Great poncho, sweet model!


----------



## Mitzi (May 8, 2011)

That is a beautiful poncho on a beautiful child


----------



## run4fittness (May 22, 2011)

Wow, stunning.


----------



## Nanamel14 (Aug 4, 2016)

Beautiful


----------



## ViTalinaCraft (Oct 12, 2015)

Thank you for the compliments )))


----------



## RBurk (Feb 5, 2013)

Lovely poncho


----------



## McMechans (Nov 15, 2015)

Beautiful poncho, would like one for myself. Can it be made in a adult size? Lovely


----------



## tat'sgran (Dec 13, 2011)

Such a sweet daughter you have to model this new design She looks happy with her new poncho.

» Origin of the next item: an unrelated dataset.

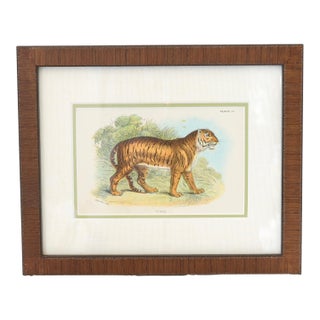 Natural History Chromolithograph of a Tiger For Sale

Nice cable work. xo ws


----------



## ViTalinaCraft (Oct 12, 2015)

tat'sgran said:


> Such a sweet daughter you have to model this new design She looks happy with her new poncho. Nice cable work. xo ws


Thank you so much!


----------



## Granana48 (May 5, 2014)

Great poncho!


----------



## Pocahontas (Apr 15, 2011)

Simply divine! Love the name "Fairyland" and so very perfect for your adorable daughter.
Your designs are lovely.


----------



## ViTalinaCraft (Oct 12, 2015)

Pocahontas said:


> Simply divine! Love the name "Fairyland" and so very perfect for your adorable daughter.
> Your designs are lovely.


Thank you so much for your comment. :sm01: It is always so difficult to find a name for new project :sm16:


----------



## riversong200 (Apr 20, 2014)

What a darling poncho!


----------



## t_venson (Oct 26, 2017)

I love this! I would like to know if it would be difficult or need lots of adjustments to make this in a lighter weight yarn? I'd like to make it for my granddaughter who lives in Palm Springs, California.


----------



## ViTalinaCraft (Oct 12, 2015)

t_venson said:


> I love this! I would like to know if it would be difficult or need lots of adjustments to make this in a lighter weight yarn? I'd like to make it for my granddaughter who lives in Palm Springs, California.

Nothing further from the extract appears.